[DB-SIG] Current status of Gadfly
12 Oct 2001 11:40:36 -0000
"Moore, Paul" <Paul.Moore@atosorigin.com> wrote:
>You can read that fact two ways. On the one hand, no-one really cares enough
>to put in a lot of effort polishing and perfecting the proposals that get
>made. This is a bad thing, sure. But on the other hand, it also means that
>people are pragmatic - they don't care about *perfecting* the proposal, they
>just want something practical, that works.
That's why I become even more cynical than I usually am when I see lots of
proposals for things on comp.lang.python. It could be the case with some that
the author is saying, "Here's a really neat idea! Now I just want someone else
to give me the working version." Meanwhile, there are a lot of Python projects
out there which actually exist in working form but get far less publicity
than "Frivolous Idea #9257 - A Minor Python Syntax Improvement".
>I suspect that if Suchandra simply implemented his proposal, and publicised
>it, and worked at grabbing as many modules as he could and putting them into
>his catalog, then it would work, and take off. But that requires one person's
>commitment and time (and web space).
And frequently a financial commitment in addition to any that would
automatically come from spending one's time and commitment on something. I
suppose this is why people look to the (funded) custodians of Python for more
progress in this area.
>The thing that sometimes saddens me about the Python community is how so
>many good ideas stagnate because there is too much design and not enough
>implementation. Of course, I don't implement anything, so my comments can't
>be seen as anything other than heckling from the peanut gallery :-)
But it's fair comment! The standard "you do it if you're so bothered about it"
response is fine for those who can deal with the existing situation and have no
incentive to do anything about it, but it doesn't necessarily make those who
can't deal with the situation (and who may not be up to implementing such a
solution either) any more comfortable.
>BTW, if you wish, you may interpret this message as enthusiastic support for
>Suchandra's prototype. It is. I haven't used it - I don't read the catalog
>SIG - but I am strongly in favour of anything in this area.
I saw an implementation based on Zope, but it didn't really show me very much.
Prototypes don't necessarily convince people that the "final product" is going
to be useful, since prototypes aren't always intended to be useful, and people
want to see a certain amount of momentum in certain areas before becoming
convinced. It's a bit like a "school reunion" site I've been looking at
recently; ignoring the dodgier parts of the implementation, if there weren't
any people I know registered on there then I wouldn't be impressed, but since
there are people I know on there, it suddenly seems a lot more useful and
interesting - I subsequently become convinced that it's a "good thing".
>Perl's CPAN isn't perfect - heck, in many ways it's dreadful - but people
>still point to it as a shining example of how to do things.
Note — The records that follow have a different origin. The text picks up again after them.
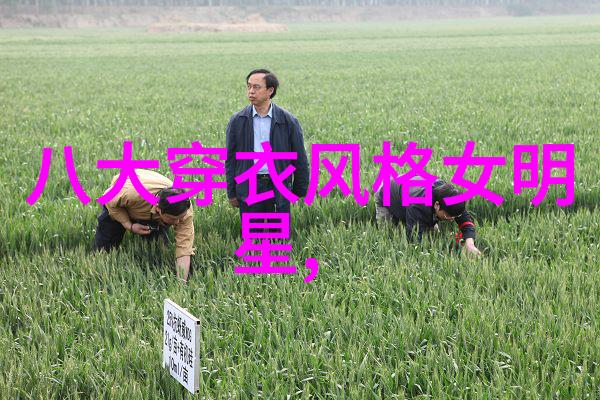 如何评估2021年一本大道下的信用卡发放标准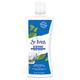 St. Ives Renewing Collagen & Elastin Body Lotion 200 ml - Lotions & Creams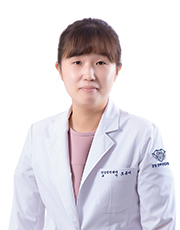 오유미 프로필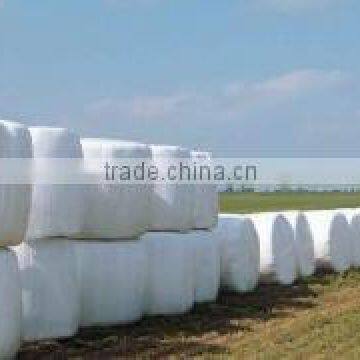 Blown Silage film Agriculture plastic film blowing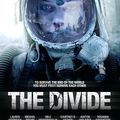 Nouveau Film the Divide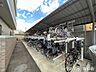 その他：共用部分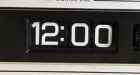Leap seconds: Why our clocks are being set ever-so-slightly ahead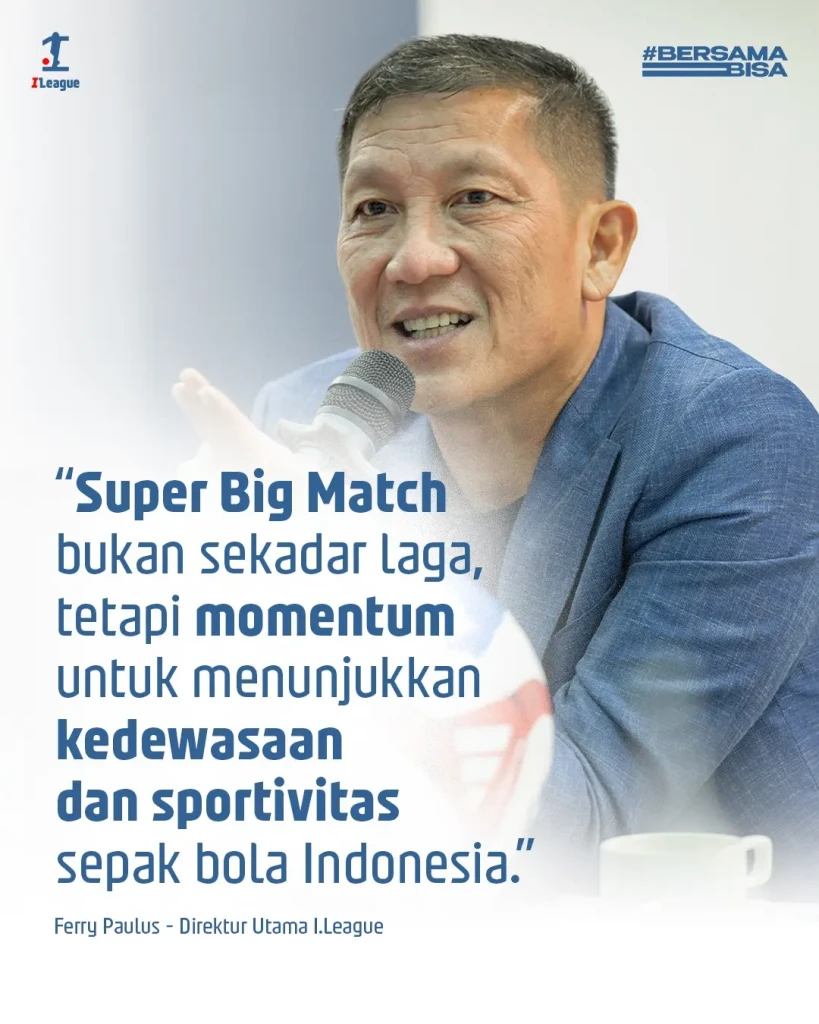 WhatsApp Image 2026-01-11 at 15.13.00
Parnassus isn't
>ideal, but still loads of people use it. And as a basis for measuring
>alternatives, it's often quoted (earlier in this thread, we had the
>comment "Vault of Parnassus is a Good Thing, but we need something with...")
Parnassus has become increasingly useful and it must surely be *the* site to go
to if one is looking for an implementation of something in Python. I get the
impression, however, that it's regarded by some in a similar way to how the
hardcore GNU people regard Linux - nice as a stopgap implemention of their own
agenda until the "real thing" comes out. In both cases, the "real thing" hasn't
come out yet, and doesn't look as if it will any time soon in either case.
>Lack of comments doesn't always mean lack of interest - number of users is the
>only real measure, and proposals don't have users...
>Sorry - this touched a nerve.
Yes, I expect to get flamed for this too, but I don't care. I don't think
anyone should take what either you or I have written as personal criticism, or
indeed criticism of any particular group.